Caption-style text data
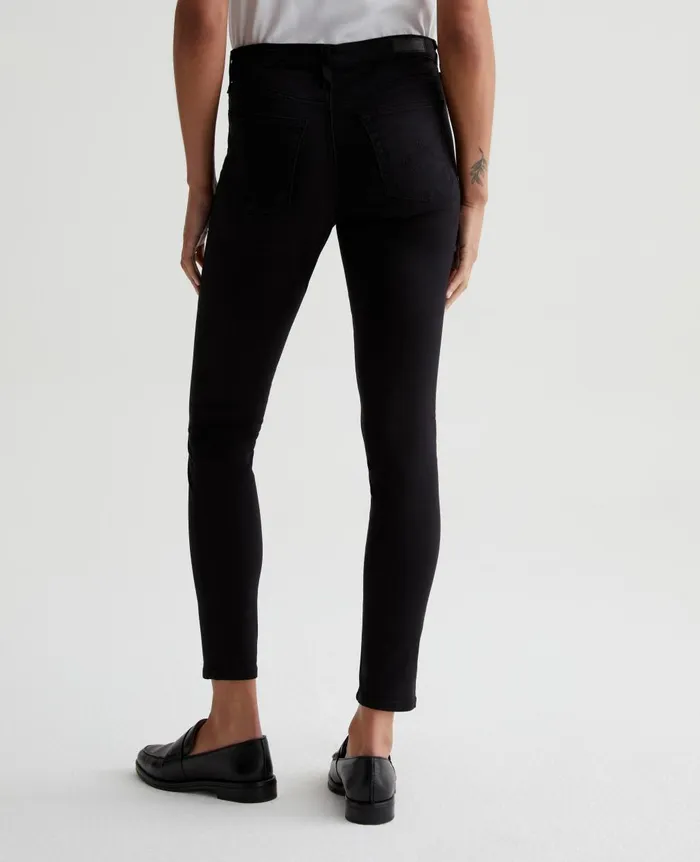 Legging Ankle Super Black Women AG Jeans Pants Legging Ankle Super Black Women AG Jeans Pants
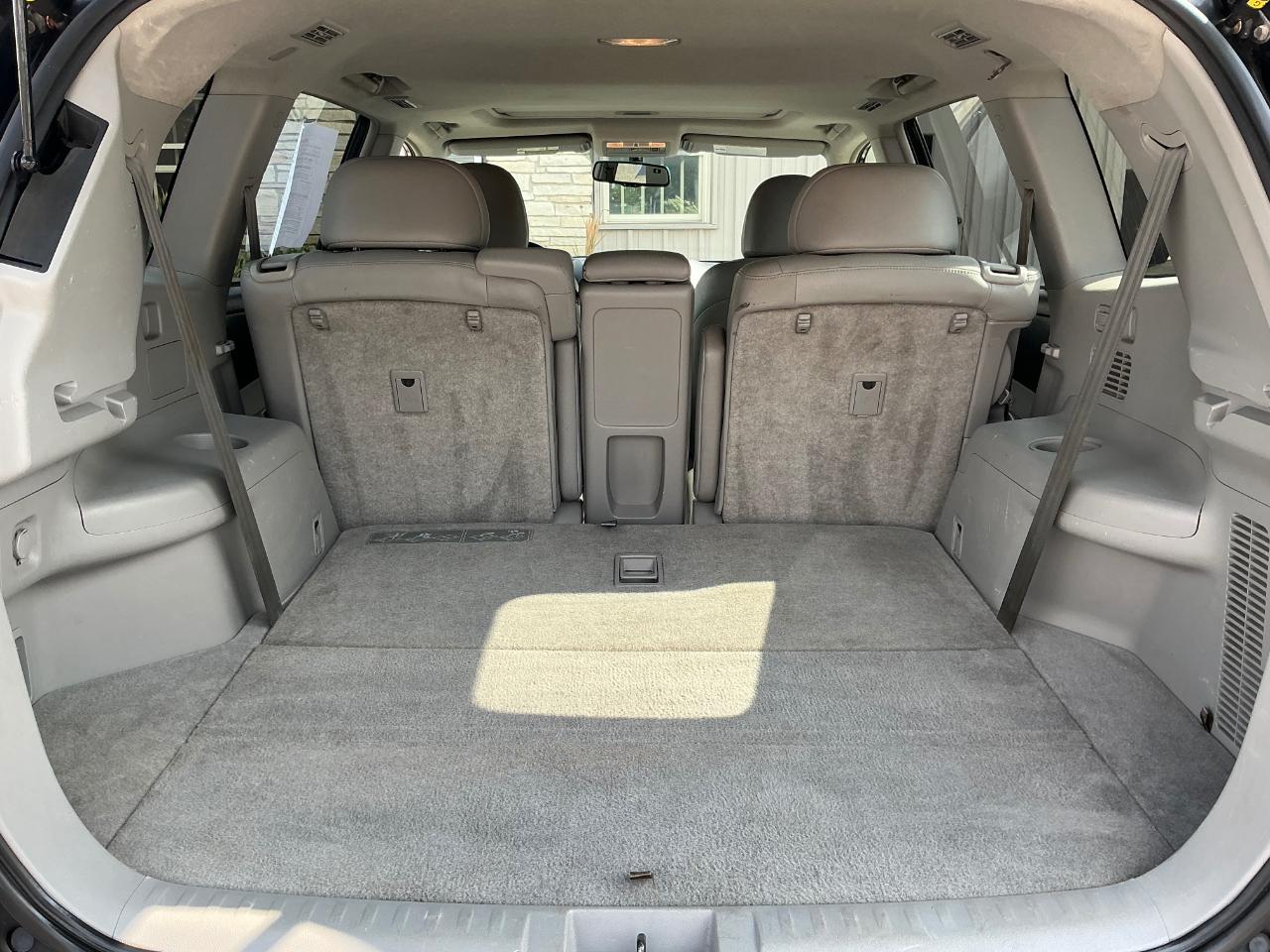 Toyota Highlander Limited 4WD 2008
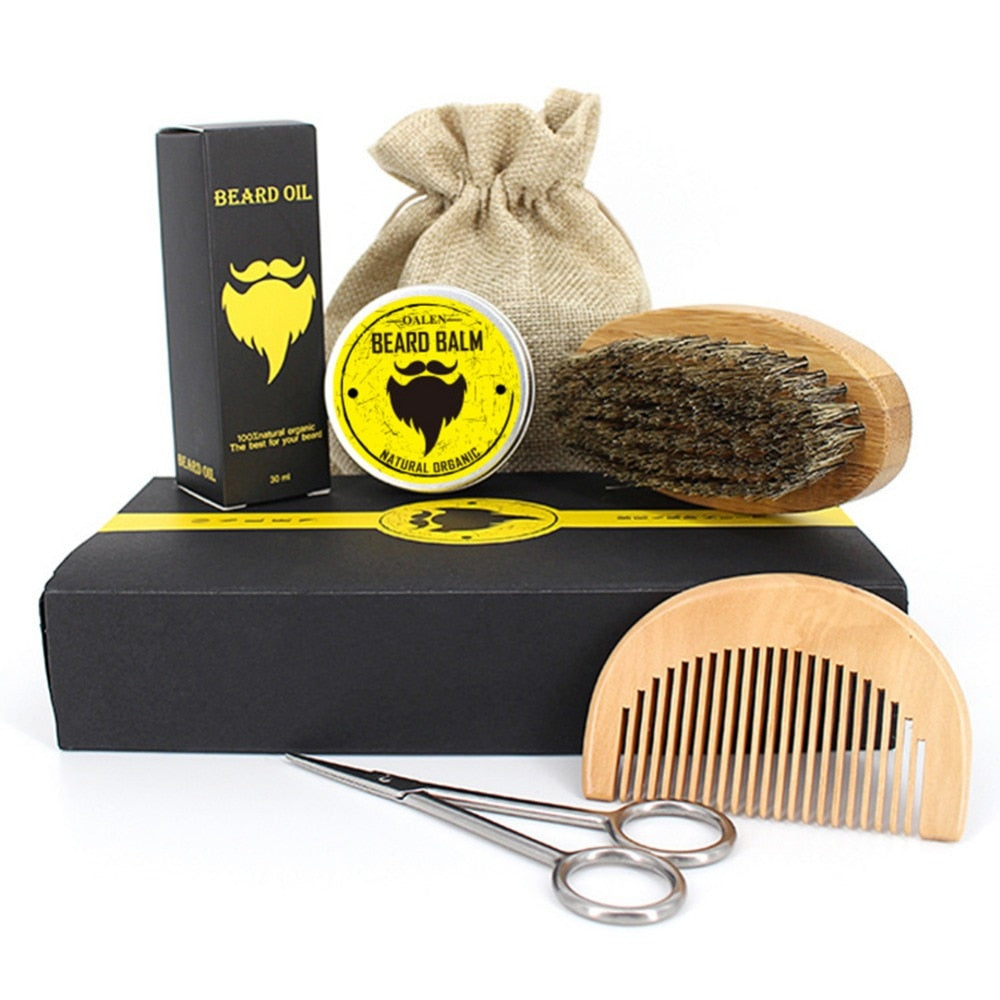 Debonair Range Beard Maintenance Kit & Supplies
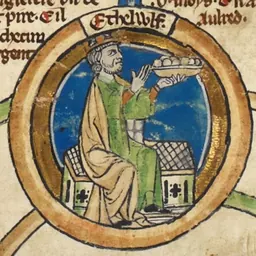 Portrait of Æthelwulf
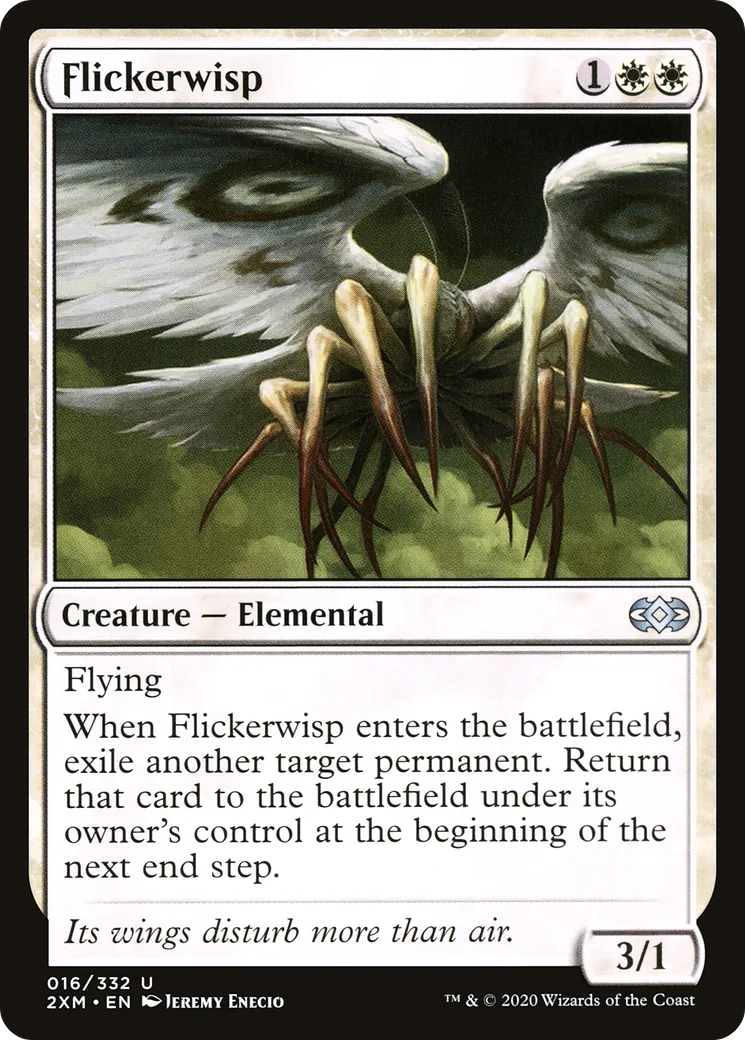 Flickerwisp — Double Masters — Magic: The Gathering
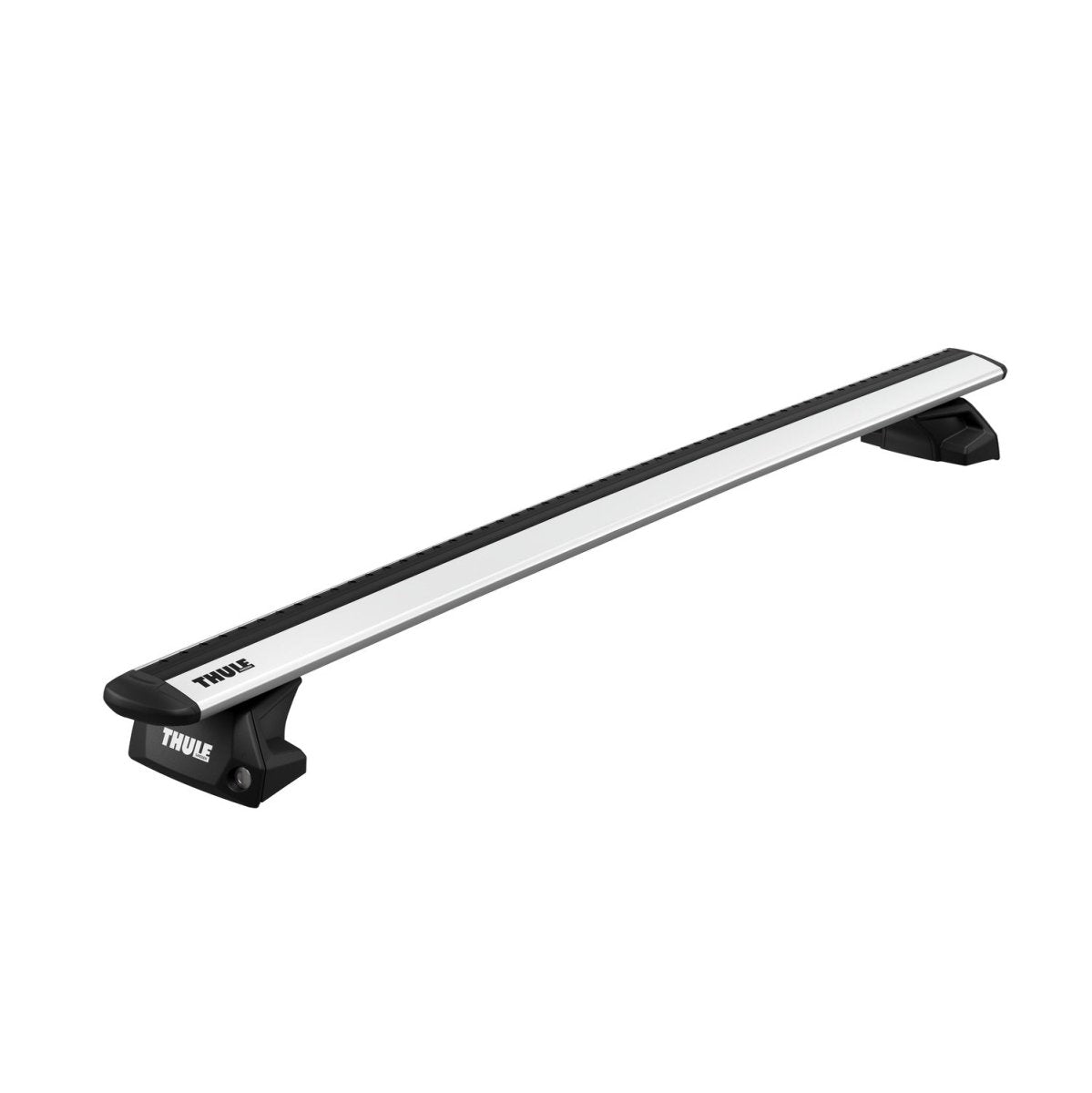 MG HS 2021 - ON - Thule WingBar Evo Roof Rack Silver - Shop Thule | Stoke Equipment Co Nelson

## EXERCISE PROMPT
Pictures are to be dropped, and every record is to be copied exactly.

## REPLY
 Legging Ankle Super Black Women AG Jeans Pants Legging Ankle Super Black Women AG Jeans Pants
 Toyota Highlander Limited 4WD 2008
 Debonair Range Beard Maintenance Kit & Supplies
 Portrait of Æthelwulf
 Flickerwisp — Double Masters — Magic: The Gathering
 MG HS 2021 - ON - Thule WingBar Evo Roof Rack Silver - Shop Thule | Stoke Equipment Co Nelson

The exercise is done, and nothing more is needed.